Running down the clock to Brexit day may be a useful negotiating device for Prime Minister Theresa May. But as politicians play a slow game, time is actually running out for business. Whatever happens now in Parliament, plenty of economic damage has already been done — some of it irreversible.
Airbus made headlines yesterday with dire warnings that it would be forced to move investments in a no-deal scenario. Ford Motor reportedly reckons a crash-out scenario would cost it as much as $1 billion. But even if there is a deal — even a good one at the 11th hour that fulfills what business wanted all along — real damage has already been done.
Citigroup CEO Michael Corbat this week gave a clue about what the future of the City of London might look like: European business will move, U.K. business will stay, and there’s a big question mark over whether its rest-of-the-world business will still get booked through London. That goes to the heart of the future of the City as a global center, as my colleague Elisa Martinuzzi wrote this week.
Money is flooding out of London: Five of the largest banks intend to move 750 billion euros ($855 billion) of balance-sheet assets to Frankfurt, Bloomberg reported this week. That shift is seen by some as irreversible. Banks have mostly chosen Frankfurt, while Amsterdam has waged a successful campaign to lure trading venues and algorithmic traders.

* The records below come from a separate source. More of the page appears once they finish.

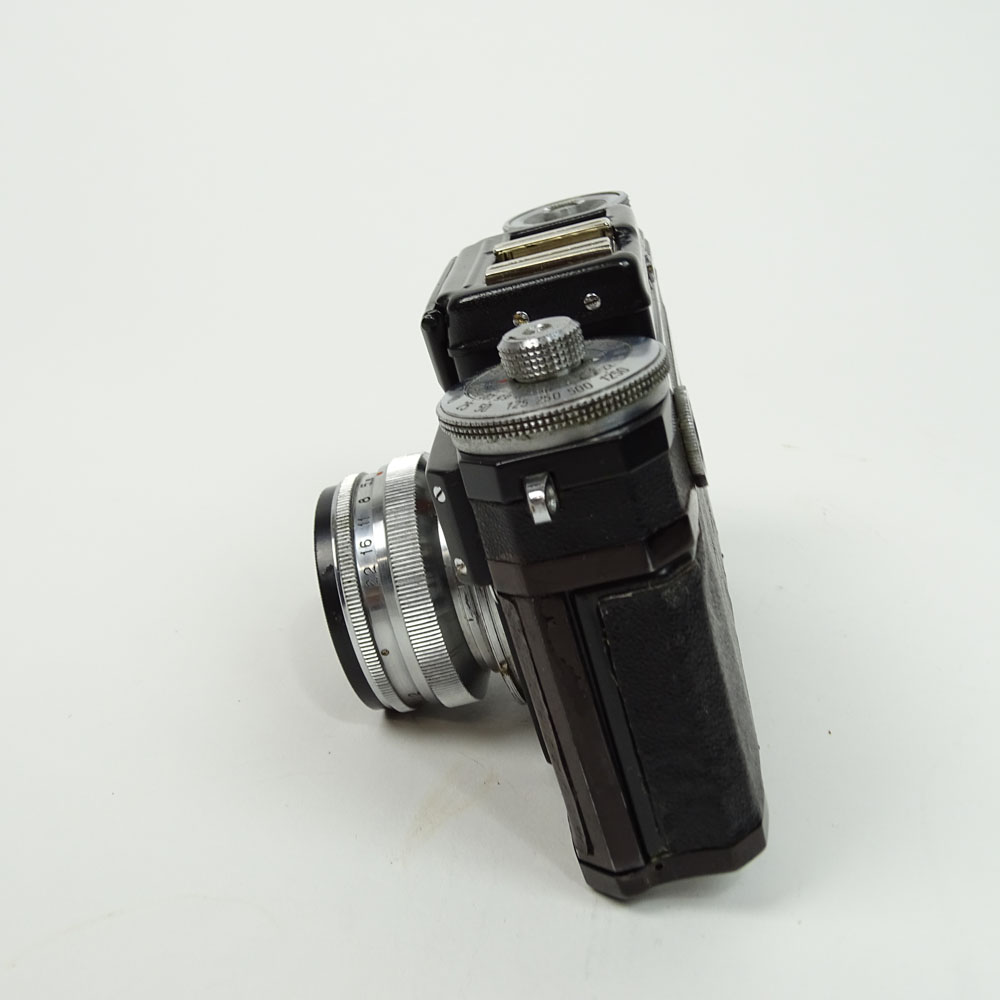 Vintage Zeiss Contax Black Body Camera with Sonnar Lens and Leather Case.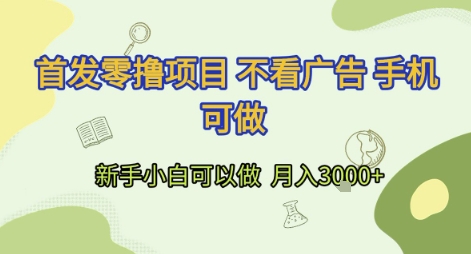 首发零撸项目 不看广告 手机可做 新手小白可以做  月入3k+-财富区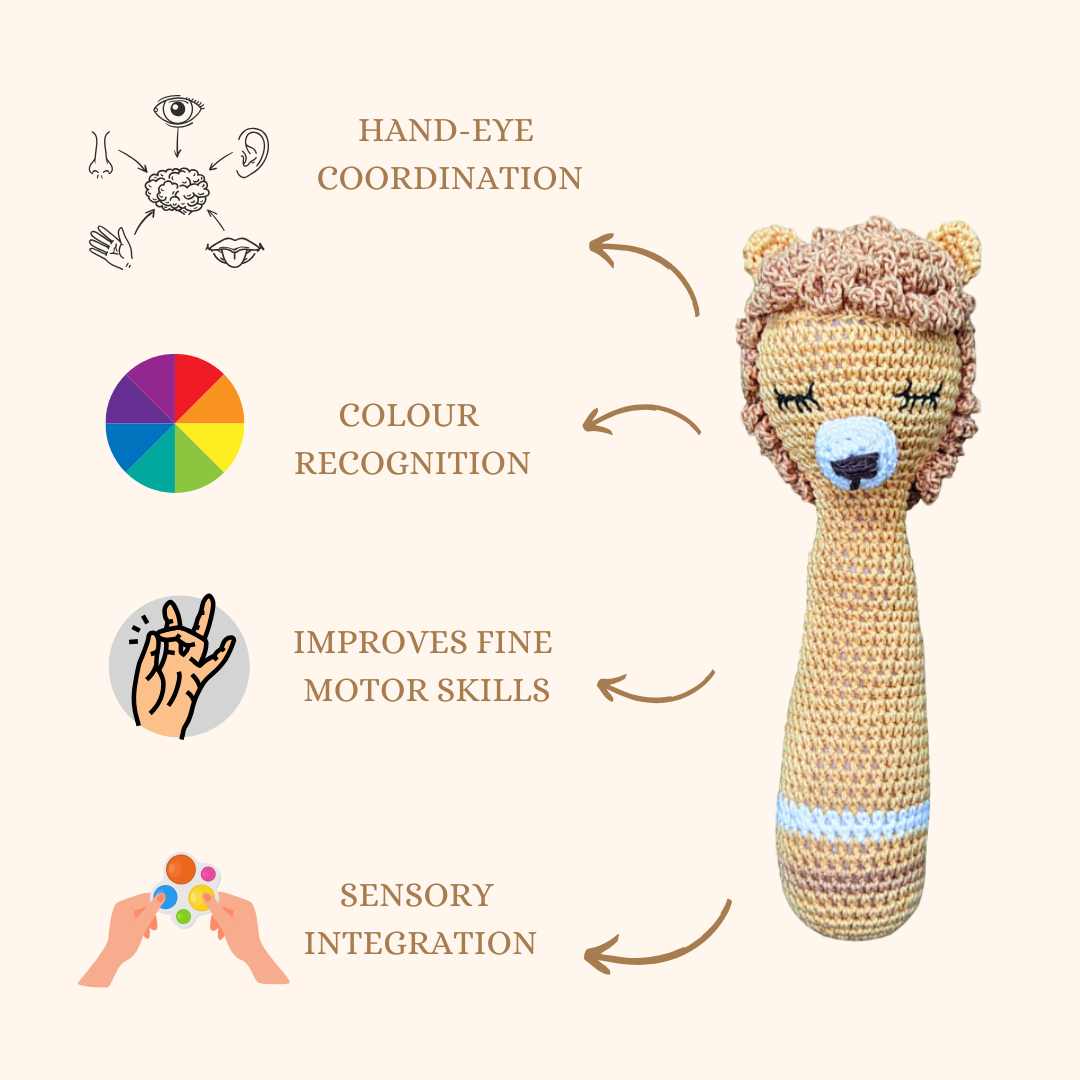 Tiny Roars, Big Smiles! Crochet Lion Hand Rattle for Babies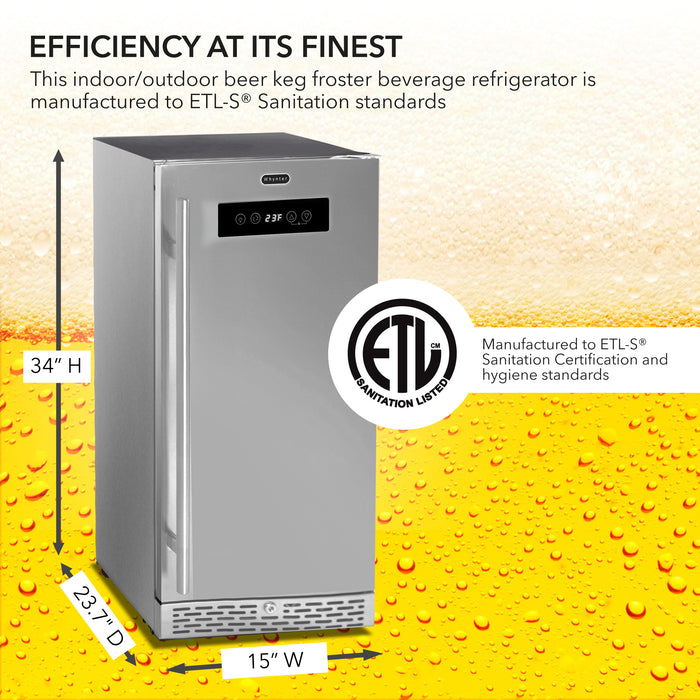 Whynter 15" Built-in 2.9 cu. ft. Beer Keg Froster Beverage Refrigerator with Digital Controls - ETL Sanitation Mark | BEF-286SB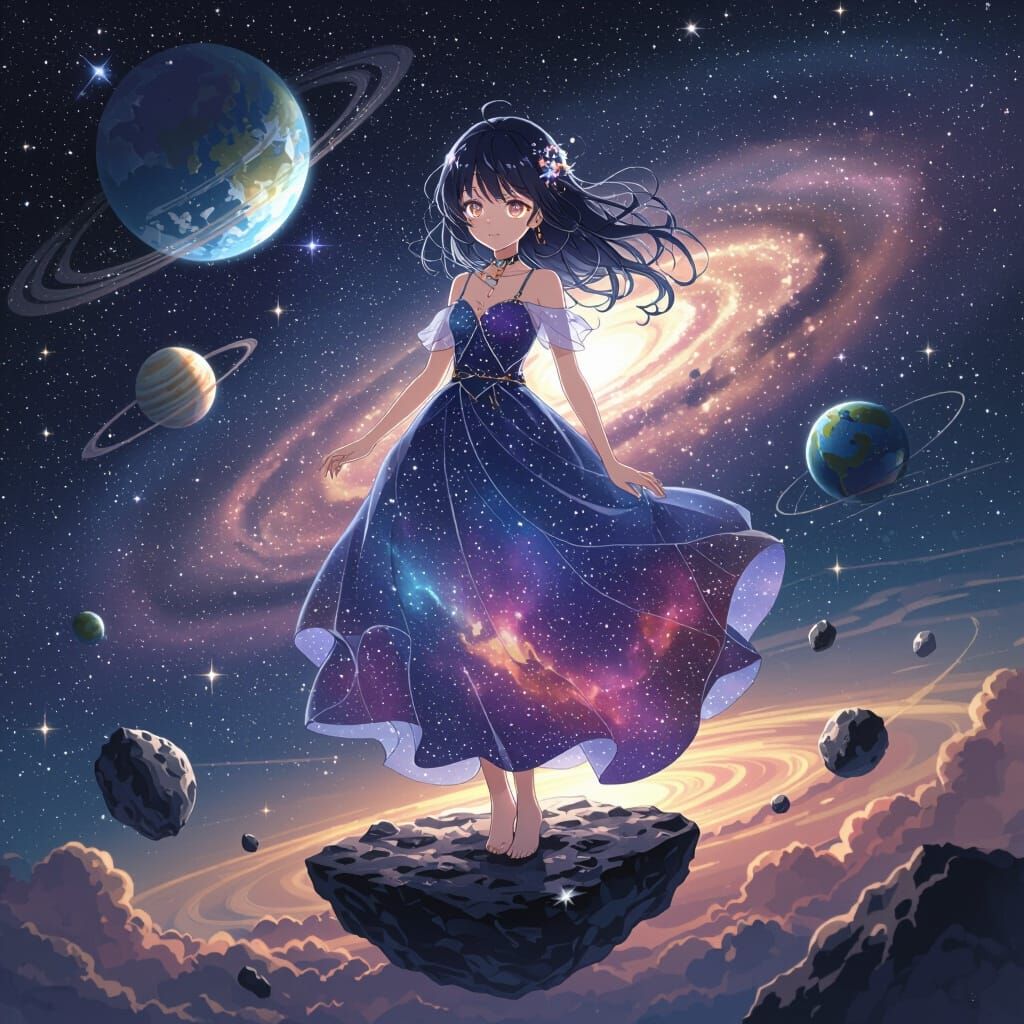 Celestial Anime Girl in Galaxy with Stardust Hair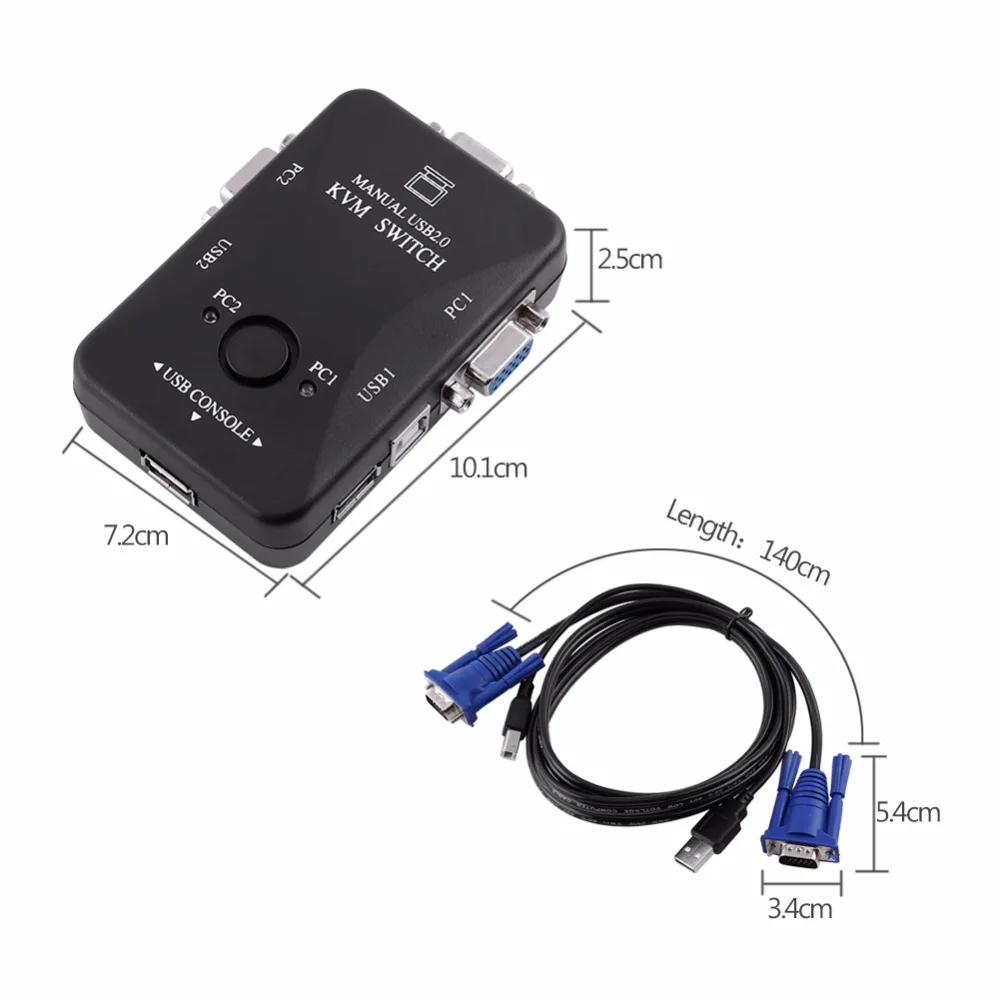 Купить 2 порт USB и разъем VGA для KVM-переключатель коробки и кабели ...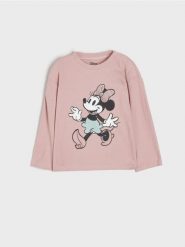 Koszulka Myszka Minnie - różowy. Czerwone koszulki dziewczęce Sinsay, l, bez wzorów, bez ramiączek. Za 17.99 zł.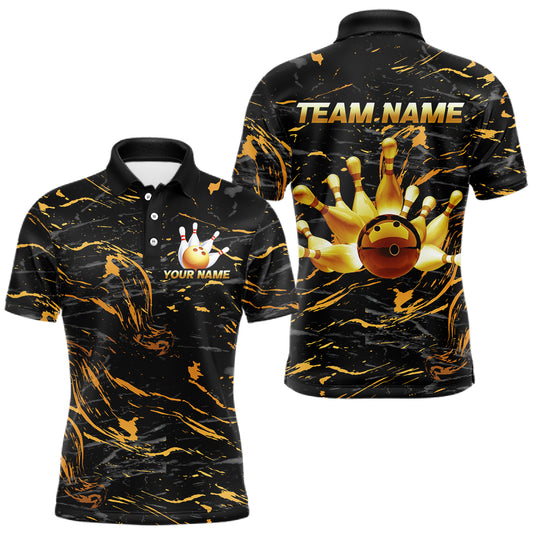 Custom Black and Gold Bowling Tournament Jersey for Men Bowling Team Shirts HNT179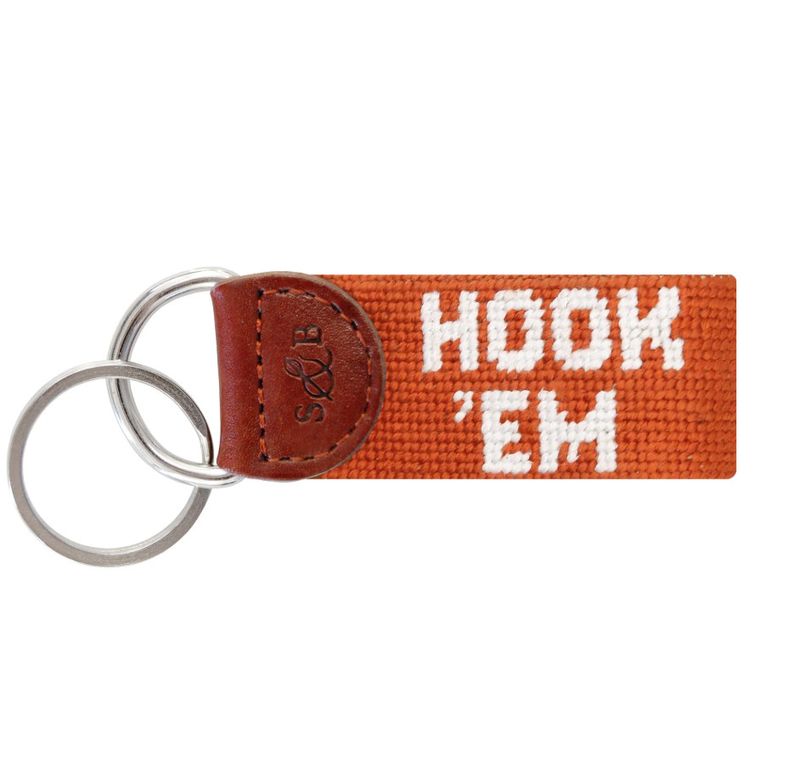 Smathers University of Texas Hook &#39;Em Key Fob Burnt Orange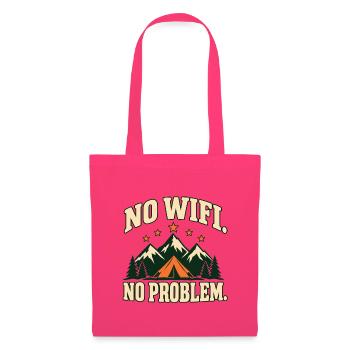 No WiFi. No Problem. – Retro-Campingmotiv - Stoffbeutel - Azalea - Vorne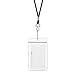Mifflin-USA Lanyard with Vertical ID Name Holder (Black Cord, Clear 2.25x3.5 Inch Card Holder, 25 Pack)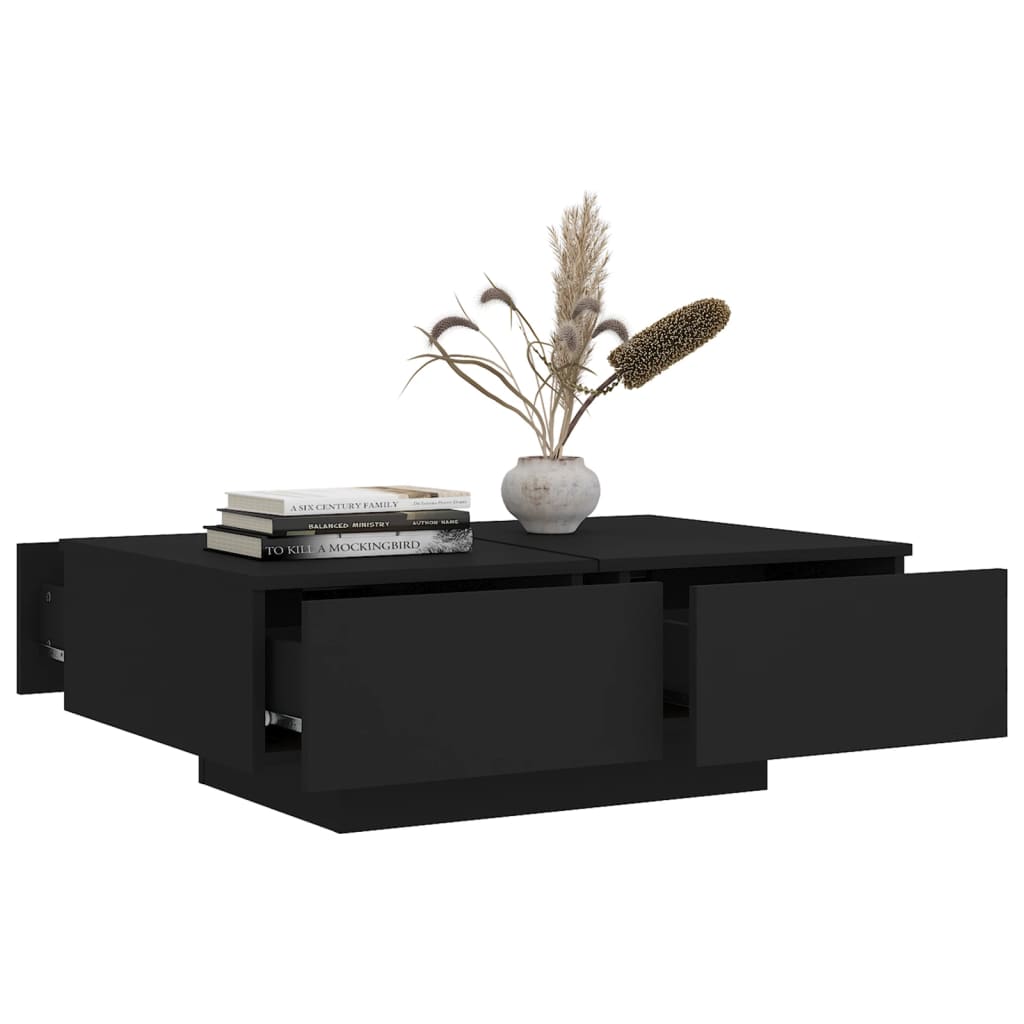 vidaXL Mesa de centro 90x60x31 cm contraplacado preto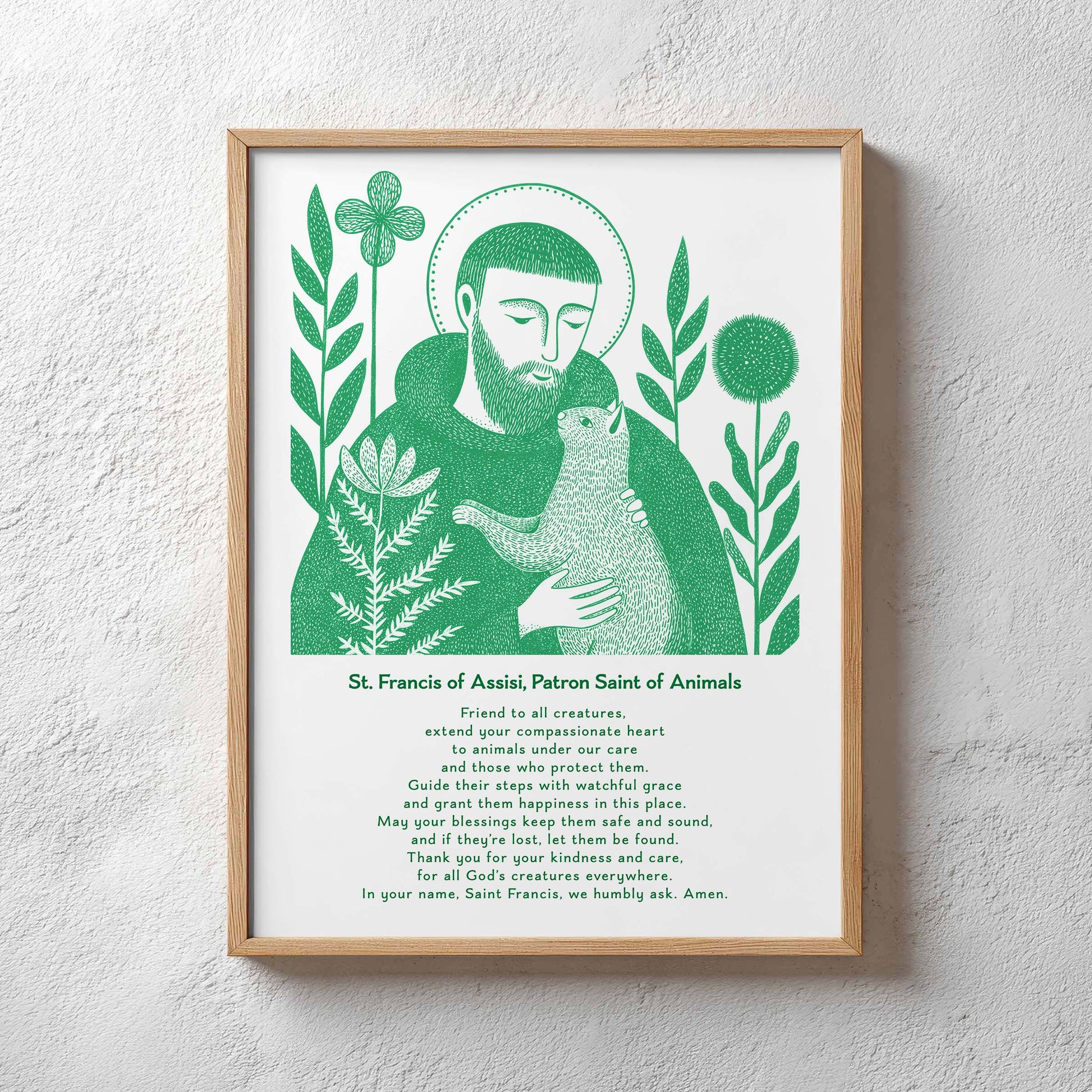 St Francis with Cat Art Print - Green interior mockup 12 - p_29_plaster_0026_Layer 35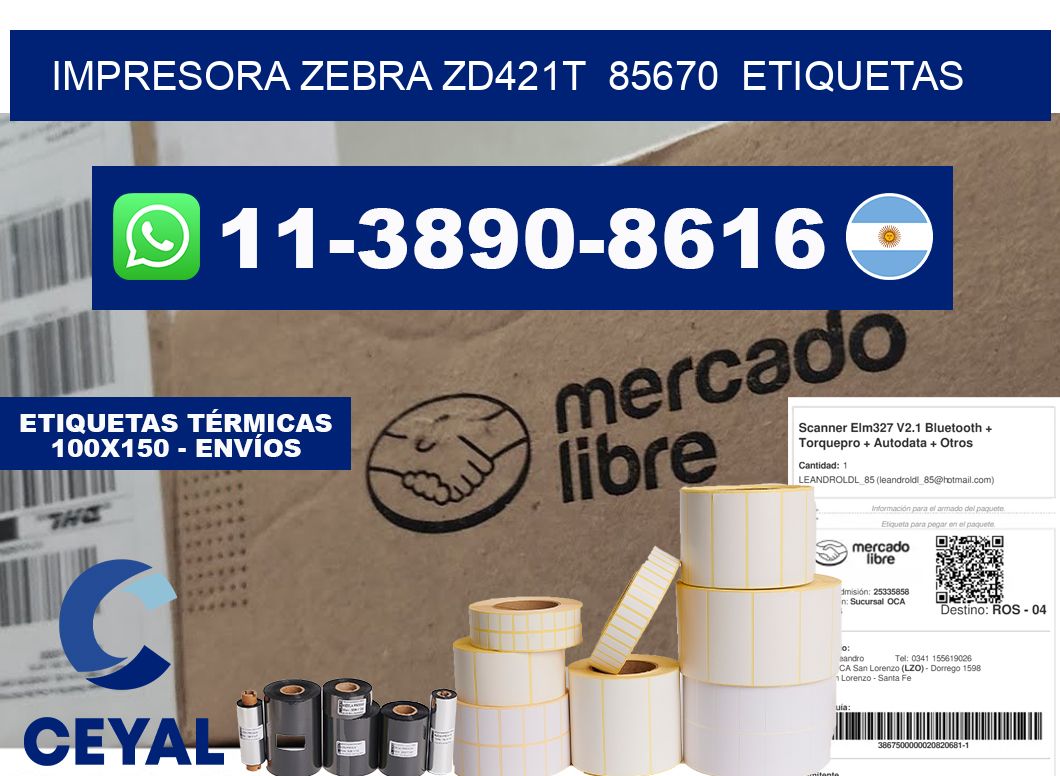 impresora zebra zd421t  85670  etiquetas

In others sectors too, headlines about no-deal planning and car plants being idled around Brexit day overshadow longer-term decisions that won’t be easily reversed. Japanese companies are relocating to avoid losing access to the European market. Panasonic is moving its headquarters to Amsterdam from the outskirts of London. Dyson’s relocation to Singapore may have nothing to do with Brexit — the company says — but its exit still resonates because of what it says about Britain’s future role in a competitive global marketplace.
Airbus CEO Tom Enders made the point more explicitly. “Make no mistake, there are plenty of countries out there who would love to build the wings for Airbus aircraft,” Enders said. “In a global economy, the U.K. no longer has the capability to go it alone.”
Bloomberg is keeping track of those companies that have left, or set up new headquarters, or cut staff because of Brexit. It’s a pretty long list.
Britain needs to replicate more than 30 trade deals with countries around the world. Time is running out.
The European Union is now tying itself in knots over the Irish border, Ian Wishart reports from Brussels.
Brexit in Brief
DUP Backs the Bid | Northern Ireland’s Democratic Unionist Party will back May’s Brexit deal if she secures from Brussels a time-limit on the Irish border backstop, the Sun reports. That’s a big if. Lawmakers could demonstrate next week how much support there is in Parliament to put an expiry date on the much hated measure. The EU has repeatedly said it won’t reopen the deal.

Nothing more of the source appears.